Lee clearly connects recent incidents of violence against people who are identified as AAPI women* with systematic, historical and enduring US policy and cultural norms that dehumanize Asian women, including through the current national dialogue that intentionally isolates one act of violence from the next, as if each exists in a raceless vacuum. How I just summarized Lee’s point does no justice to her narration of how, beginning at least in the Philippine-American War in the late 19th century through 2022, “[w]hen not a fantasy, the Asian woman is a punch line.”
Dismantling the “red herring” of the popular race-blind mental health theory about violence against people who are identified as AAPI women, Lee writes:
But mental illness is a red herring. Treating perpetrators as bizarre deviants from the norm misses the point. Mental illness operates within specific cultural contexts. The mentally ill still draw on existing cultural templates, which they may distort or act on in more extreme ways. And when it comes to Asian women, the cultural template has long been sexual denigration: three holes, rape and run, “Me so horny.” Nash and Long, among so many others, simply took these messages to fatal conclusions…
Repeatedly denying the role of race while pointing the finger at mental illness relieves the state of culpability. The message: These attacks are strange coincidences, the actions of crazy people. So let’s just lock them up, then keep on keeping on…
In the long shadow of state-sanctioned violence against Asian women—violence reinforced through culture and distorted by mental illnesses that this country stokes but refuses to treat—Asian American women are constantly told we must find individual solutions for our safety. My group texts are filled with chatter about where to buy mace and coupon codes for personal safety alarms. At rallies, workers for well-meaning nonprofits hand me flyers with self-defense strategies. I stare blankly back at them. I imagine how to teach my parents to do a palm-heel strike; the thought alone is too much to bear.
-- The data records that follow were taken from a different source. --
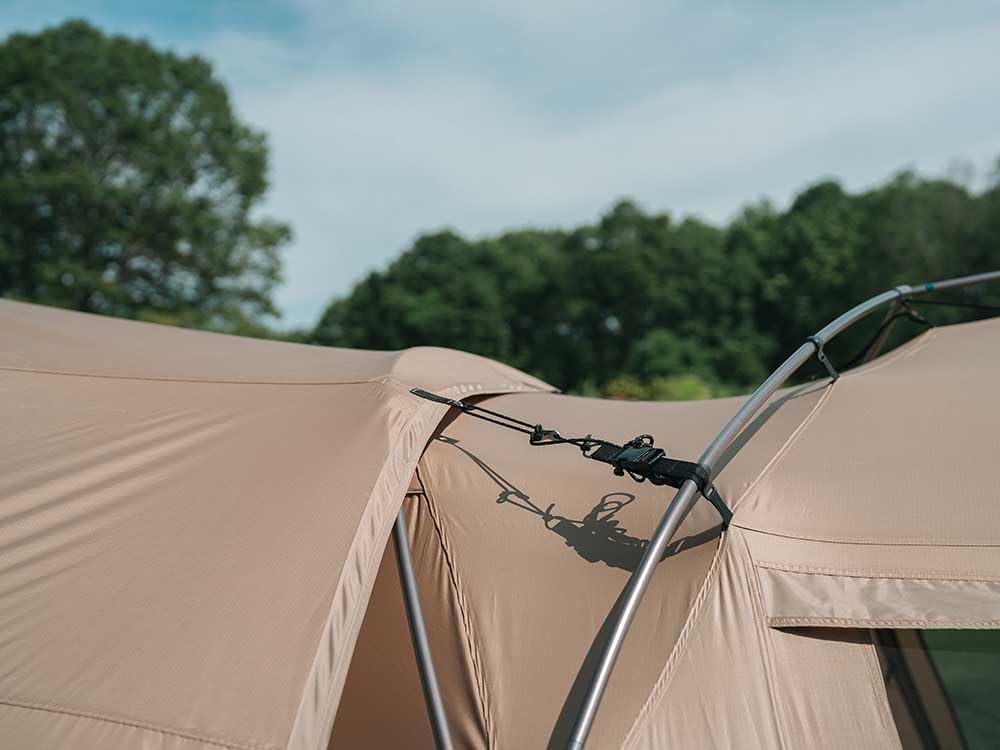 Snow Peak Connect Tarp Hexa Edition for the 2023 Autumn Snow Peak Pro.air FES-255 (Limited Festival)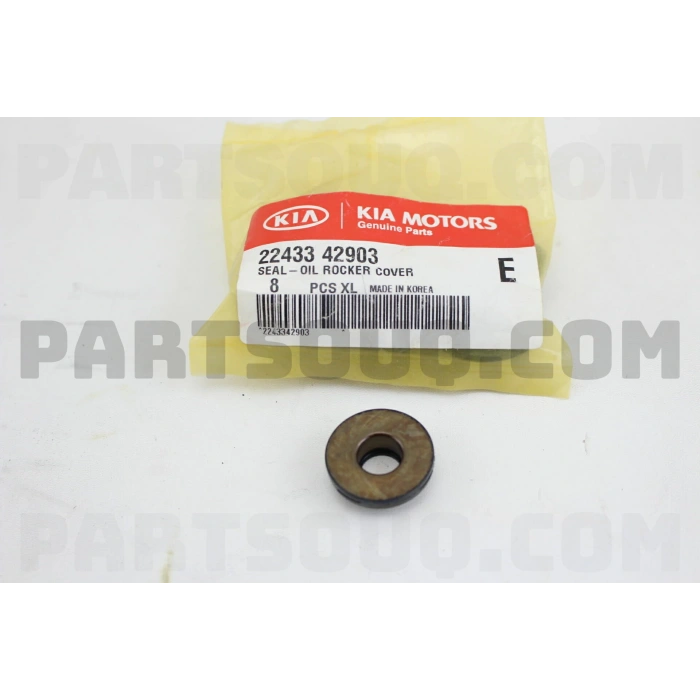 Üst Kapak Civata Alt Lastiği H100 / L300 (Oem No: 22433-42903)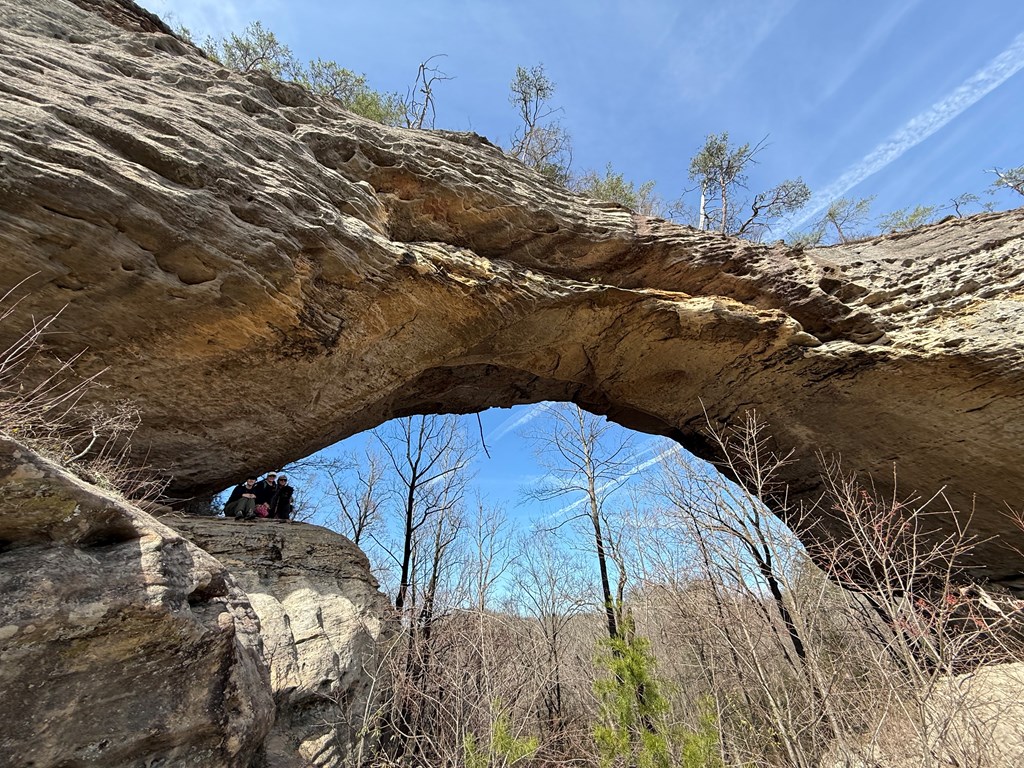 Scenic Arches rivaling Utah, right here in Kentucky!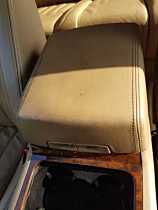 Cotiera Piele Crem Completa cu Grila Grile Ventilatie Aerisire Pasageri VW Touareg 7L 2003 - 2010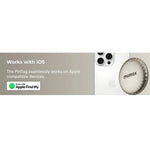 Momax Pintag Find My Tracker | Titanium
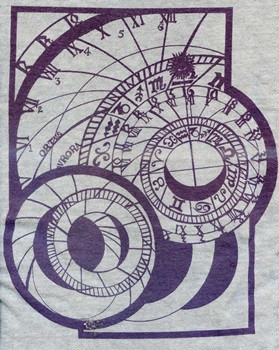 space and time t shirt mud 613 brown shirt xx $ 20 00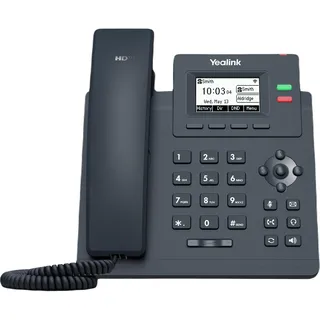 Yealink SIP-T31W - VoIP-Telefon mit Rufnummernanzeige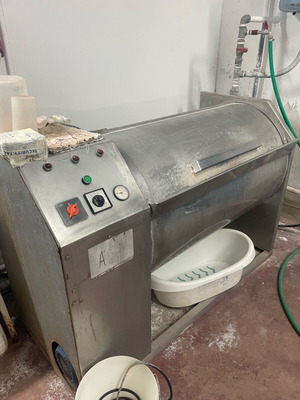 Industrial washing machine 30 kg used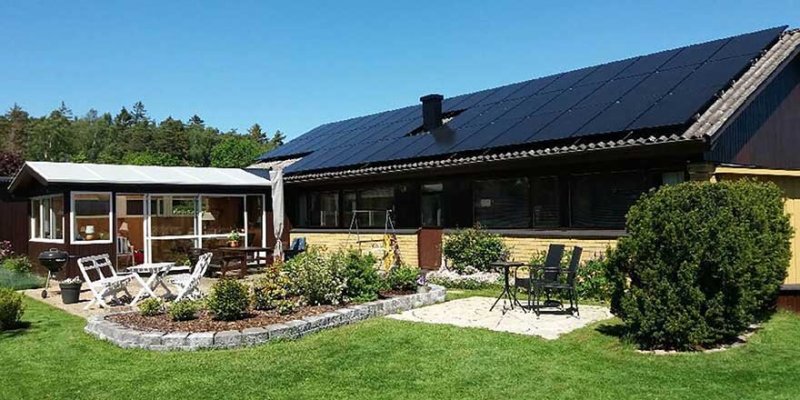Installera solceller i Kungsbacka och Göteborg.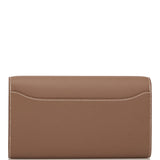Hermes Constance Wallet To Go Etoupe Epsom Palladium Hardware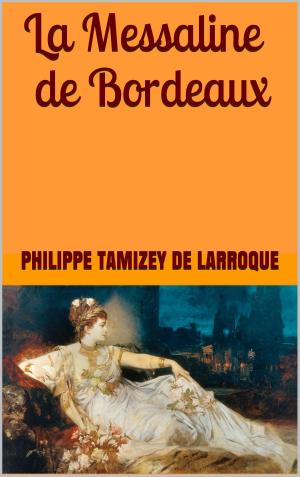 Cover of the book La Messaline de Bordeaux by Philippe Tamizey de Larroque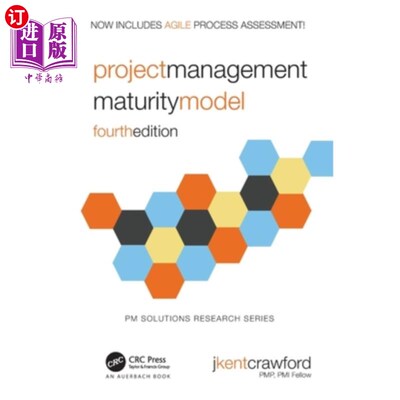 海外直订Project Management Maturity Model 项目管理成熟度模型
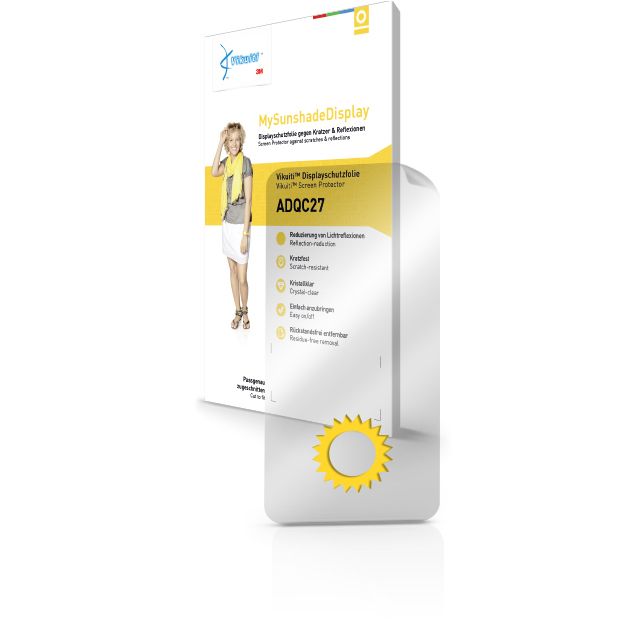 3M Vikuiti ADQC27 Screen Protector for HTC Hermes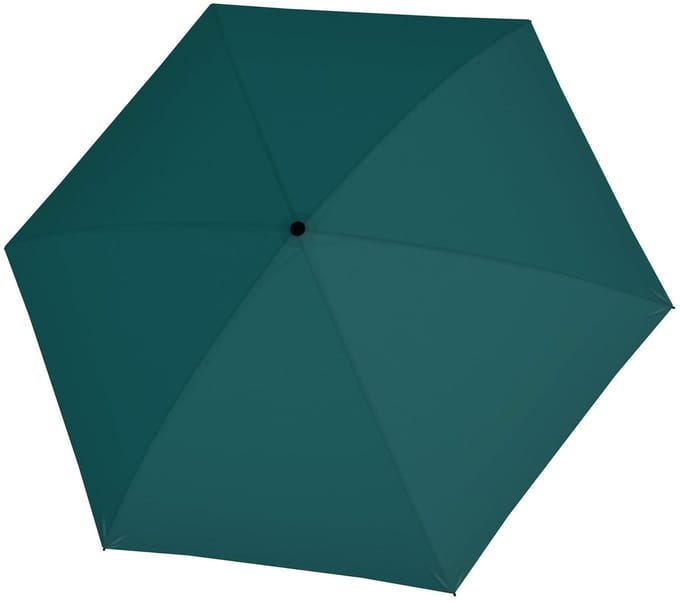 doppler paraplu Fiber Compact Magic Uni Teal Petrol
Meanwhile, authorities continue to investigate whether these recent victims, my sisters, were targeted because of their race.
While the “authorities” investigate, some of us will get on with anticipating and planning for violence. Because it would be foolish–and potentially lethal–for us to dismiss the documented evidence of risk as just an isolated incident in which “it’s not clear whether… race or ethnicity played a role” (CNN). I’ve had this conversation with my partner, and Lee describes her Plans A-C… and D.
And while we do our part, a part that is assigned out of necessity and on the basis of identity (*if you’re wondering, I’ve been writing “people who are identified as AAPI women,” not “AAPI women,” because it doesn’t seem to matter how the victims of anti-Asian female violence identify: it only matters how our attackers perceive us), our part cannot just be self-defense: relying on being better informed and more prepared as a community of people who are identified as AAPI women is giving anti-AAPI female violence a pass. We have to dismantle the systems feeding and forgiving the violence against us. And we can’t do this alone.
We need people who are not identified as AAPI women to care, to learn, to advocate and to act.
We need to stop cowing to accusations of teaching critical race theory and actually teach and implement what we learn from critical race theory. And if you disagree, please read the article first. This is critical race theory: the recognition of the fact that racism is not just a matter of a few “bad people” (in fact, CRT isn’t interested in name-calling), it’s the system that created and maintains not just the construct of race, but inequality on the basis of race.
We need to reclaim and own critical race theory. Lives depend on it.